ACOMPANHAMENTO PIANÍSTICO NO SAMBA

Rafael Tomazoni Gomes


rafaeltomazoni@hotmail.com

A proposta da atividade acompanhamento pianístico do samba, é trabalhar a montagem de acordes a


partir do sistema de cifragem adotado em gêneros de música popular (por exemplo Dm7 - G7 9 13 → C7M),
a partir de padrões rítmicos características do samba.
Este pequeno manual, cujo objetivo é servir de apoio à atividade de sala de aula, está organizado em
três partes: 1) Nas considerações preliminares, serão apresentados alguns exemplos que tratam do aspecto
rítmico do samba, bem como a proposta de realização da cifragem harmônica. 2) Na segunda parte,
proponho exercícios de acompanhameto pianístico no samba em ordem crescente do nível de dificuldade. 3)
São apresentadas três peças no formato lead sheet (melodia e cifra), adequadas à aplicação da atividade.

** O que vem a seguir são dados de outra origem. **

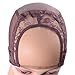 YANTAISIYU 4X4 Inch U Part Swiss Lace Wig Cap for Making Wigs with Adjustable Straps on the Back Glueless Hairnets (Brown M)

1 CONSIDERAÇÕES PRELIMINARES

1.1 Ritmo
Como referência para o ritmo, podemos nos basear nos padrões rítmicos realizados pelos
instrumentos de percussão no samba. Ao piano, a abordagem mais comum é a mão direita realizando os
ritmos associados ao tamborim, e na mão esquerda as células rítmicas associadas ao tambor-surdo.

Figura 1“Ciclo do tamborim” segundo Sandroni (2002, p. 34)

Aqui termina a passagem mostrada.